Repeat exactly, and only, the lines of the entries below from the one with "Session Plans, Handouts" through the one with "8 Heart Keroppi Green Beaker Glass Bong", both ends included.

(Dataset records)

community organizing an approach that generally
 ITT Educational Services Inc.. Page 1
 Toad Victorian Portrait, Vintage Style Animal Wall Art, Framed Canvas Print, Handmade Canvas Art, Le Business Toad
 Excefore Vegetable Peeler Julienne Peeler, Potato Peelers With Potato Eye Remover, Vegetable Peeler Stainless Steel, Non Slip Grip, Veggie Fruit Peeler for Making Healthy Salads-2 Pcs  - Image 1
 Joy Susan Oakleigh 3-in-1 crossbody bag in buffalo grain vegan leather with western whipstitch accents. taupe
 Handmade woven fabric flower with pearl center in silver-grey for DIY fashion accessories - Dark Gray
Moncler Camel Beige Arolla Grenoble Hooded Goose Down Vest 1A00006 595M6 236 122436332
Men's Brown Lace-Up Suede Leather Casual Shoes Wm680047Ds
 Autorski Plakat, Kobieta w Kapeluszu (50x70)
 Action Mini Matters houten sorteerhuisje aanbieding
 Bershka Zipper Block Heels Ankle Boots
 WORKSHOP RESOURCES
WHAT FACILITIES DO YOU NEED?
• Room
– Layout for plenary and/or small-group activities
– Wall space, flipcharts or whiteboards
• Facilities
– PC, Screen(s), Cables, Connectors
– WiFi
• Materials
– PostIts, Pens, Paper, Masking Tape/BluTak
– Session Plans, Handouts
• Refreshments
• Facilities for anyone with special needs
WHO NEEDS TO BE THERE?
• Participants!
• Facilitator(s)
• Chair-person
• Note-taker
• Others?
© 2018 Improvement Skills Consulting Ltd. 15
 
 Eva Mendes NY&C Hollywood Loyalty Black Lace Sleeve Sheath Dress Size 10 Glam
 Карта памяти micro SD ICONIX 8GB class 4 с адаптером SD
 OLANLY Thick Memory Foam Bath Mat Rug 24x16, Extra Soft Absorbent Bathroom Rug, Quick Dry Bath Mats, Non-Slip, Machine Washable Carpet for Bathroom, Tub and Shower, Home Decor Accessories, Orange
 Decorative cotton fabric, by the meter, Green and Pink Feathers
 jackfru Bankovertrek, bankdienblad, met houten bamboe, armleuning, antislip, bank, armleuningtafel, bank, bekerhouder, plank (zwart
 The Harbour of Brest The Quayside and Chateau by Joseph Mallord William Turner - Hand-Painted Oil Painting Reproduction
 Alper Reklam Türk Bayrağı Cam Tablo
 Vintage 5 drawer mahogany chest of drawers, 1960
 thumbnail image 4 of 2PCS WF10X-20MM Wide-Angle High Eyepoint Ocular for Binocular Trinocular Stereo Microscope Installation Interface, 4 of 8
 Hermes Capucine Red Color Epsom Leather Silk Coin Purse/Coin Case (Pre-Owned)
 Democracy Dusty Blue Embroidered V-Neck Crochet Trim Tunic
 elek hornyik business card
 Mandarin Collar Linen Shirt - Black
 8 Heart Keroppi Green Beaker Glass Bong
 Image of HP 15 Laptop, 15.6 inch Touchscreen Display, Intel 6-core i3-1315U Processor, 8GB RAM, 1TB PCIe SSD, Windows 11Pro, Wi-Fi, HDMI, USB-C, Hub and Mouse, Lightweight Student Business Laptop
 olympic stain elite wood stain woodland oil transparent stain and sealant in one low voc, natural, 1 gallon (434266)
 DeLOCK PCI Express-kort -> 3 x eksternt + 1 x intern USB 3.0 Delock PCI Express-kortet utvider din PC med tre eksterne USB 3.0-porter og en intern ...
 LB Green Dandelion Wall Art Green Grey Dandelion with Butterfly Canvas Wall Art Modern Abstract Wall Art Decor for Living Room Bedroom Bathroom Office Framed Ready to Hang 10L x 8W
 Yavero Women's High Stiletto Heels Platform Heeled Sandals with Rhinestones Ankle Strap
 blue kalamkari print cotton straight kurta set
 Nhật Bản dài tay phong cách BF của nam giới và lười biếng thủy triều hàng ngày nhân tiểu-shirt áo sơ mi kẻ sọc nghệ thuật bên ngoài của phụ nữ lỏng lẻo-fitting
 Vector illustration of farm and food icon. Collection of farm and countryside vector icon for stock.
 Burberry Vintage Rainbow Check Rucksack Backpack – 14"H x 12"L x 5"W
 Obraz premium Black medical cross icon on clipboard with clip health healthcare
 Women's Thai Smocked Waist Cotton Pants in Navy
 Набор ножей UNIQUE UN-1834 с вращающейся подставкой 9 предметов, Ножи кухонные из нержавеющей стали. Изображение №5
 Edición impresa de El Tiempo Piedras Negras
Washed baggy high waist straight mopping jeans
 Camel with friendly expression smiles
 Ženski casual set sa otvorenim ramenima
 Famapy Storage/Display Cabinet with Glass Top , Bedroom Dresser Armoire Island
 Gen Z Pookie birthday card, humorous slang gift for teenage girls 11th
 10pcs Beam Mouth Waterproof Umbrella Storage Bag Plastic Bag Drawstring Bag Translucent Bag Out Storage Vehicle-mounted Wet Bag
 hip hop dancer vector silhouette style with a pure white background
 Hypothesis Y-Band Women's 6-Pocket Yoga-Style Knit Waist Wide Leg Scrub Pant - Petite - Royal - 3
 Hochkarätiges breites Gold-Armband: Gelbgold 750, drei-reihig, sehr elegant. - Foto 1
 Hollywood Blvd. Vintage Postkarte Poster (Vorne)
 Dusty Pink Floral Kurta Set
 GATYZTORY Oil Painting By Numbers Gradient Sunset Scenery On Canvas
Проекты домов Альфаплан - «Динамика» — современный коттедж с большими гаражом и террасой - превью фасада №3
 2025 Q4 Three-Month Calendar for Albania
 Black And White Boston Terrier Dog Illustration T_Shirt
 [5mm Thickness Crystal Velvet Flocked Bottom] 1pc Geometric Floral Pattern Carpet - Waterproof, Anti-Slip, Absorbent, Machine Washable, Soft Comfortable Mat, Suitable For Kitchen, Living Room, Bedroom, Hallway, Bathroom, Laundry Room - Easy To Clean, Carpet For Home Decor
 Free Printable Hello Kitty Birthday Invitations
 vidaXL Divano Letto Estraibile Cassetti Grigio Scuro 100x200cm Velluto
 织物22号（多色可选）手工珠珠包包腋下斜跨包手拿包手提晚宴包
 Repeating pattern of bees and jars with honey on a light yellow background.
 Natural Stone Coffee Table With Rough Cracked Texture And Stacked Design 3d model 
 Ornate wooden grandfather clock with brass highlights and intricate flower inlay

(End Dataset records)

§ Written answer
– Session Plans, Handouts
• Refreshments
• Facilities for anyone with special needs
WHO NEEDS TO BE THERE?
• Participants!
• Facilitator(s)
• Chair-person
• Note-taker
• Others?
© 2018 Improvement Skills Consulting Ltd. 15
 
 Eva Mendes NY&C Hollywood Loyalty Black Lace Sleeve Sheath Dress Size 10 Glam
 Карта памяти micro SD ICONIX 8GB class 4 с адаптером SD
 OLANLY Thick Memory Foam Bath Mat Rug 24x16, Extra Soft Absorbent Bathroom Rug, Quick Dry Bath Mats, Non-Slip, Machine Washable Carpet for Bathroom, Tub and Shower, Home Decor Accessories, Orange
 Decorative cotton fabric, by the meter, Green and Pink Feathers
 jackfru Bankovertrek, bankdienblad, met houten bamboe, armleuning, antislip, bank, armleuningtafel, bank, bekerhouder, plank (zwart
 The Harbour of Brest The Quayside and Chateau by Joseph Mallord William Turner - Hand-Painted Oil Painting Reproduction
 Alper Reklam Türk Bayrağı Cam Tablo
 Vintage 5 drawer mahogany chest of drawers, 1960
 thumbnail image 4 of 2PCS WF10X-20MM Wide-Angle High Eyepoint Ocular for Binocular Trinocular Stereo Microscope Installation Interface, 4 of 8
 Hermes Capucine Red Color Epsom Leather Silk Coin Purse/Coin Case (Pre-Owned)
 Democracy Dusty Blue Embroidered V-Neck Crochet Trim Tunic
 elek hornyik business card
 Mandarin Collar Linen Shirt - Black
 8 Heart Keroppi Green Beaker Glass Bong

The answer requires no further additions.